### INPUT FOR THIS TASK

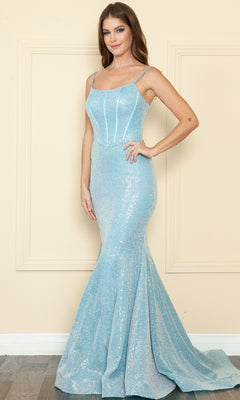A woman wearing the Diamond Sequin-Knit Long Mermaid Prom Dress 8992 in blue poses against a beige wall.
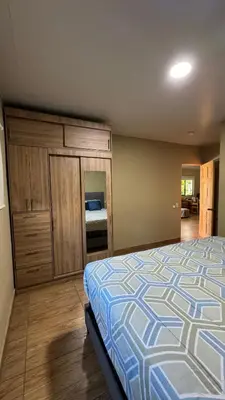 a bedroom with a bed with a blue and white comforter at Lomeli’s Home, 5 minutos del Tunco in La Libertad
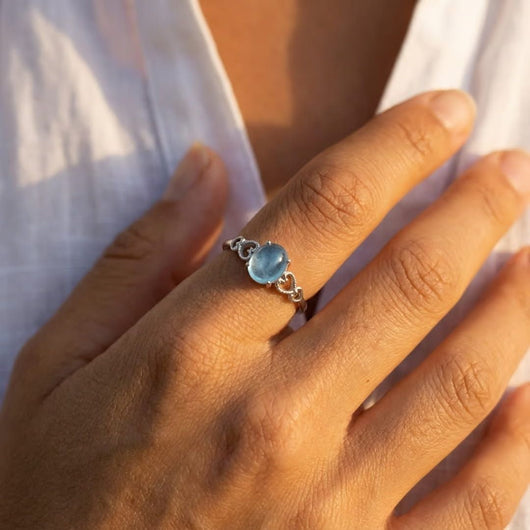 Una mano de tez morena clara luce el Anillo ajustable Cristal de Mar, con una llamativa gema azul, que descansa suavemente sobre una camisa blanca parcialmente abierta.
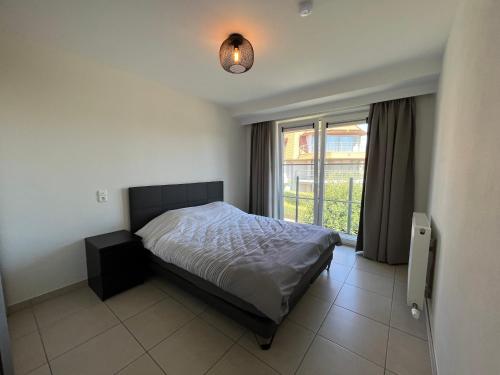 a bedroom with a bed and a large window at Botticelli in Koksijde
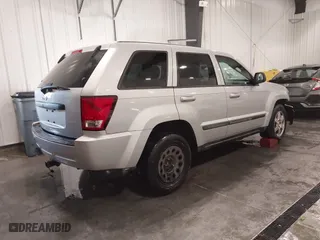 2008 Jeep Grand Cherokee Laredo with VIN 1J8GR48K88C108967, listed as a IAAI auction lot 41306142 with 190,786 mi miles. Bid and sale history available at carsss.com. Image 4.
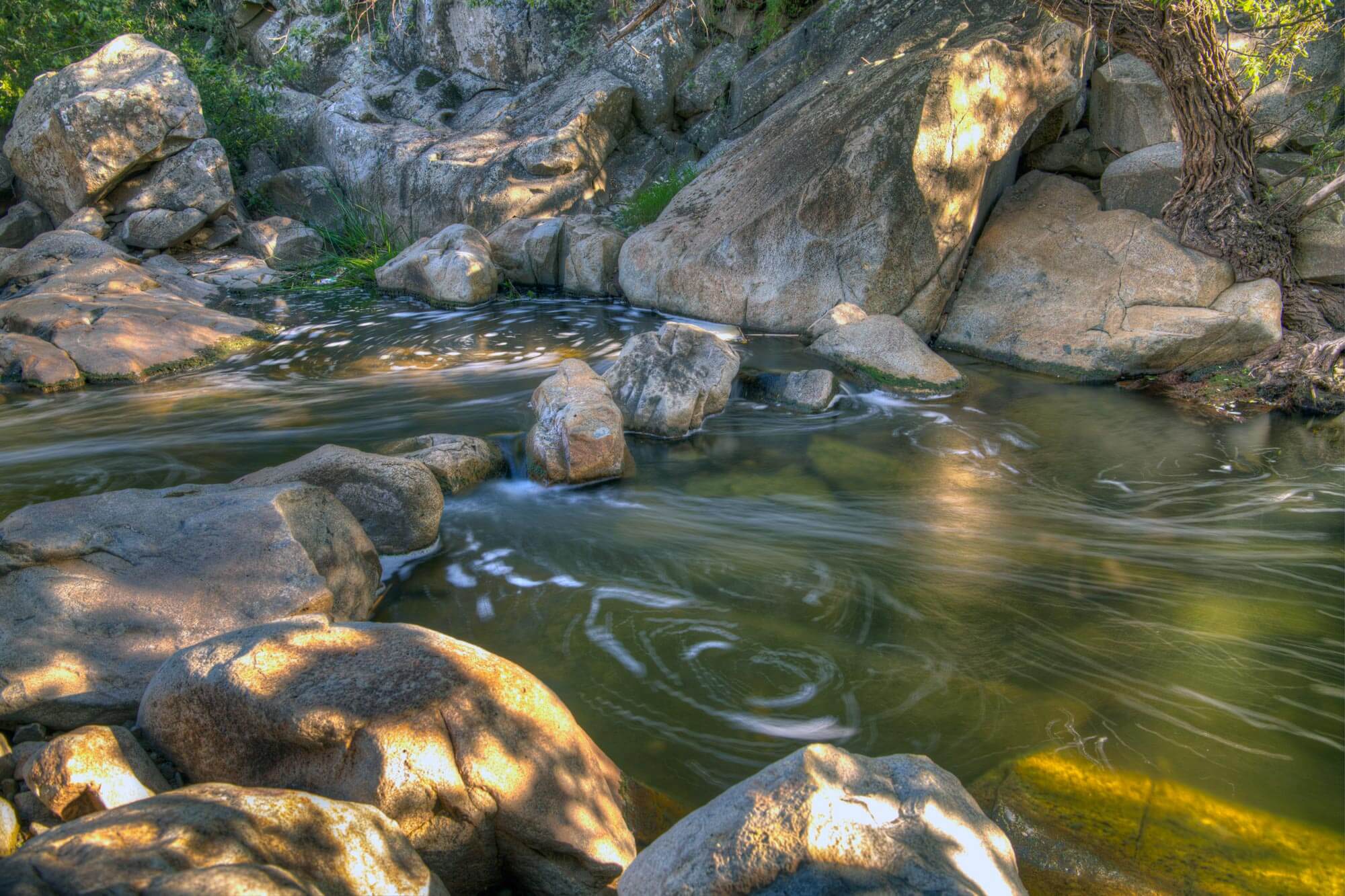 Swirling water at the end of waterfall in Elfin Forest Recreational Reserve
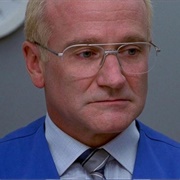 Sy Parrish (One Hour Photo, 2002)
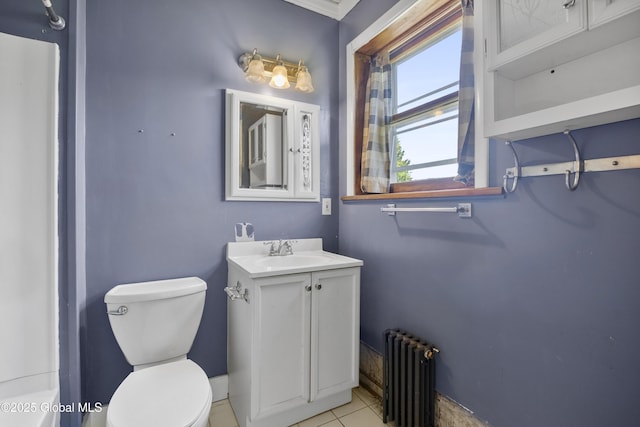 9 Archibald St, Colonie, NY 12189 - bathroom featuring radiator heating unit, toilet, vanity, and tile patterned flooring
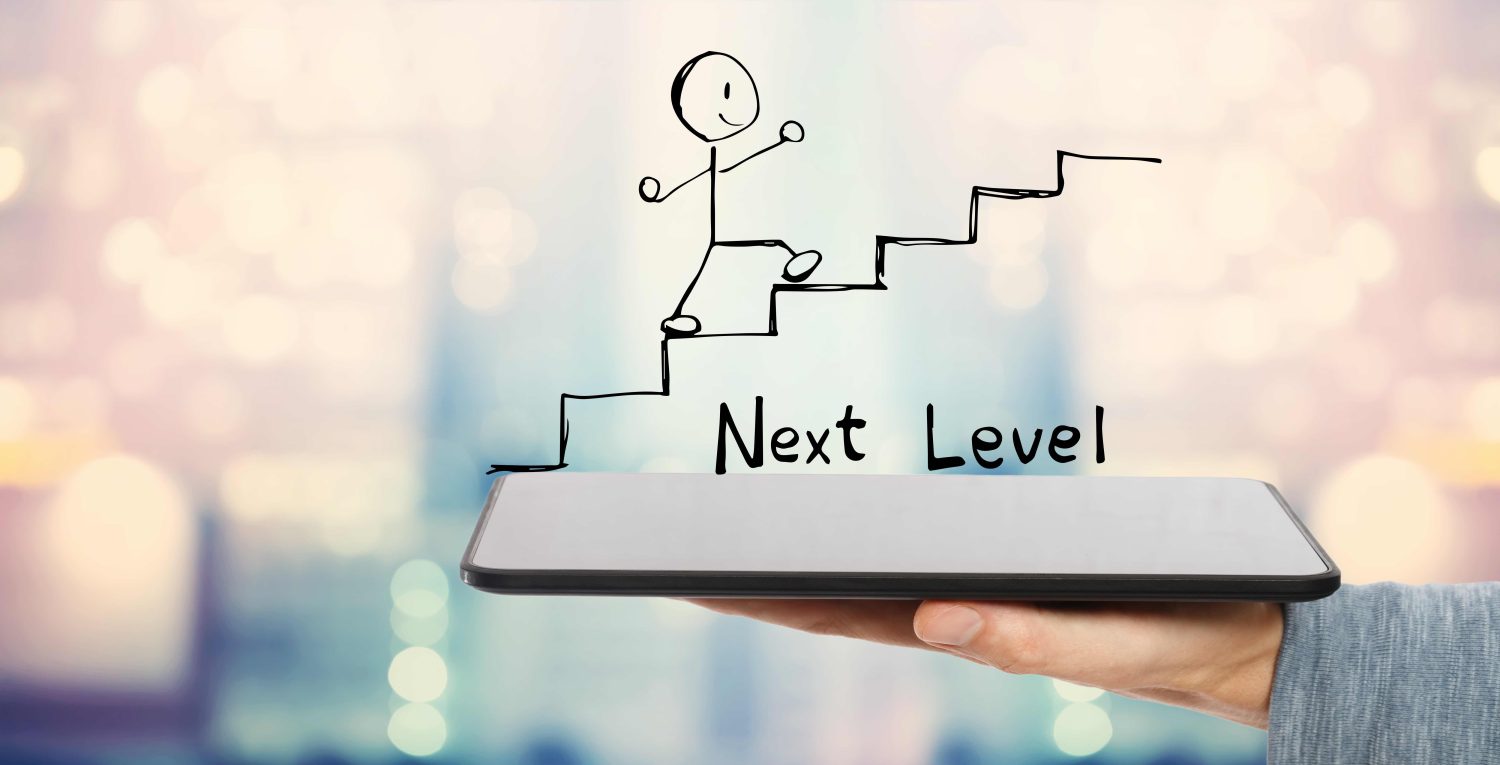 Man's hand holding a tablet with a stick figure climbing stairs and the text "Next Level"
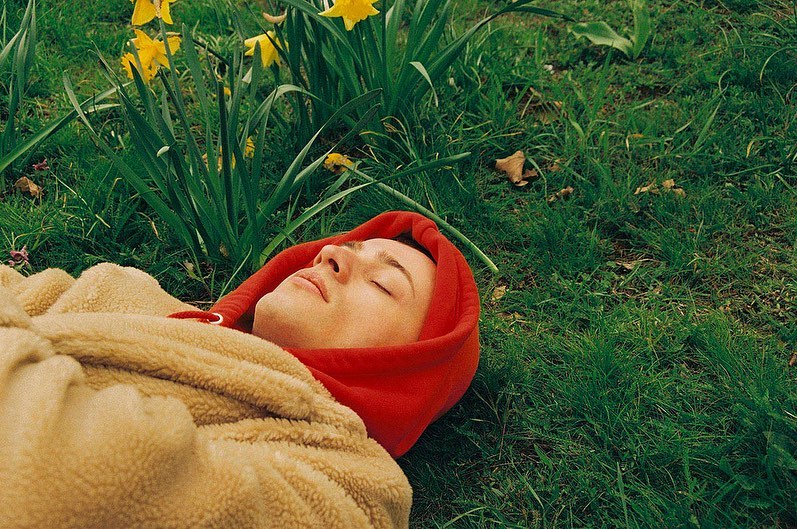 Adult laying in grass with yellow daffodils wearing a red hooded sweatshirt and a tan sherpa-like jacket, eyes closed, outdoor setting.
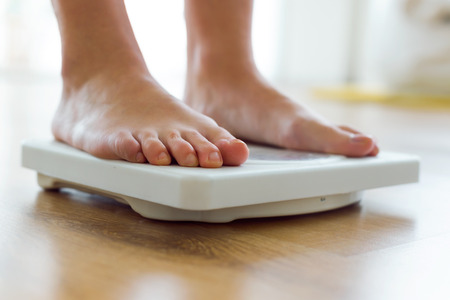 Portrait of young healthy girl on home scales.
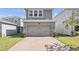 Two-car garage exterior with brick paver driveway and well-maintained landscaping at 640 Bayern Ln, Debary, FL 32713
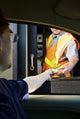 Man Paying Moneyl at Toll Booth Wall Mural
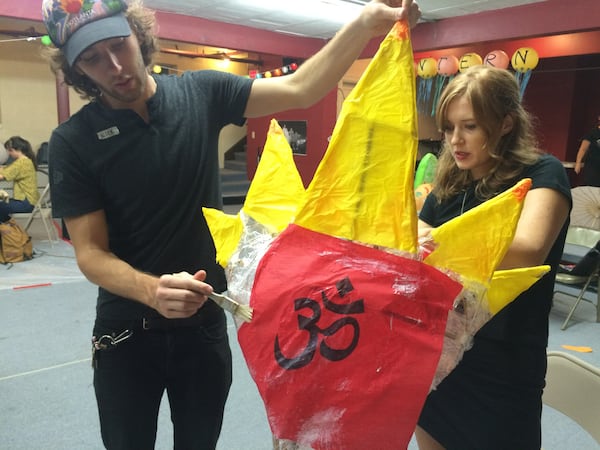 Nicholas Ward of the Fourth Ward and Dani Crane of Inman Park work on a paper lantern at a lantern-making workshop in advance of the BeltLine Lantern Parade in 2016. BO EMERSON/BEMERSON@AJC.COM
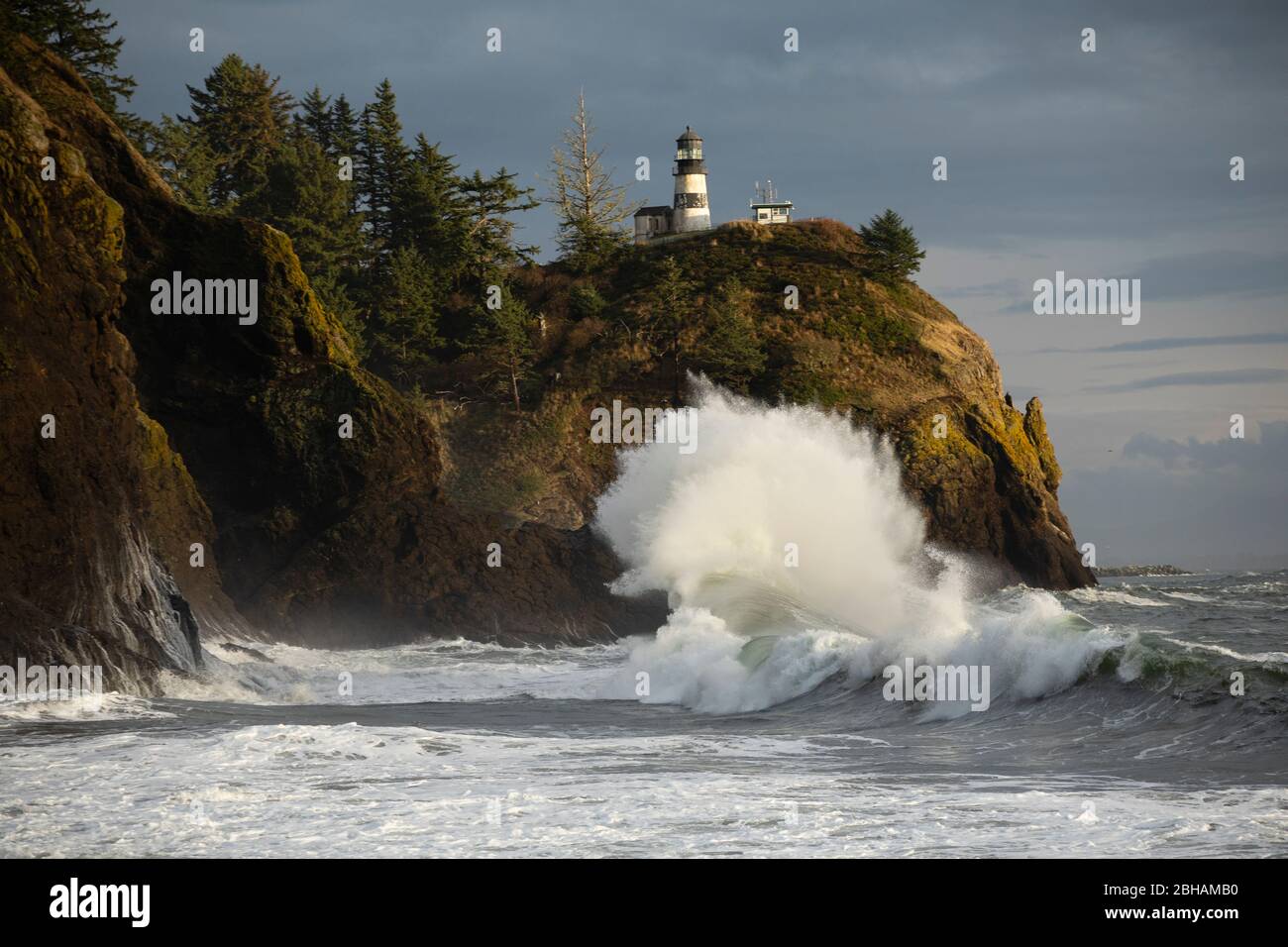 Crashing waves and lighthouse, Cape Disappointment State Park, Washington, USA Stock Photo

######

§ **YOUR INSTRUCTIONS**: Any images must be dropped; all other material is to be printed exactly.

§ **EXPECTED ANSWER**:
A woman wearing the Diamond Sequin-Knit Long Mermaid Prom Dress 8992 in blue poses against a beige wall.
 a bedroom with a bed with a blue and white comforter at Lomeli’s Home, 5 minutos del Tunco in La Libertad
 Una mano de tez morena clara luce el Anillo ajustable Cristal de Mar, con una llamativa gema azul, que descansa suavemente sobre una camisa blanca parcialmente abierta.
 a bedroom with a bed and a large window at Botticelli in Koksijde
 2008 Jeep Grand Cherokee Laredo with VIN 1J8GR48K88C108967, listed as a IAAI auction lot 41306142 with 190,786 mi miles. Bid and sale history available at carsss.com. Image 4.
 Swirling water at the end of waterfall in Elfin Forest Recreational Reserve
 Sy Parrish (One Hour Photo, 2002)
 9 Archibald St, Colonie, NY 12189 - bathroom featuring radiator heating unit, toilet, vanity, and tile patterned flooring
 Man's hand holding a tablet with a stick figure climbing stairs and the text "Next Level"
 Adult laying in grass with yellow daffodils wearing a red hooded sweatshirt and a tan sherpa-like jacket, eyes closed, outdoor setting.
 Portrait of young healthy girl on home scales.
 Two-car garage exterior with brick paver driveway and well-maintained landscaping at 640 Bayern Ln, Debary, FL 32713
 Man Paying Moneyl at Toll Booth Wall Mural
 Nicholas Ward of the Fourth Ward and Dani Crane of Inman Park work on a paper lantern at a lantern-making workshop in advance of the BeltLine Lantern Parade in 2016. BO EMERSON/BEMERSON@AJC.COM
 Crashing waves and lighthouse, Cape Disappointment State Park, Washington, USA Stock Photo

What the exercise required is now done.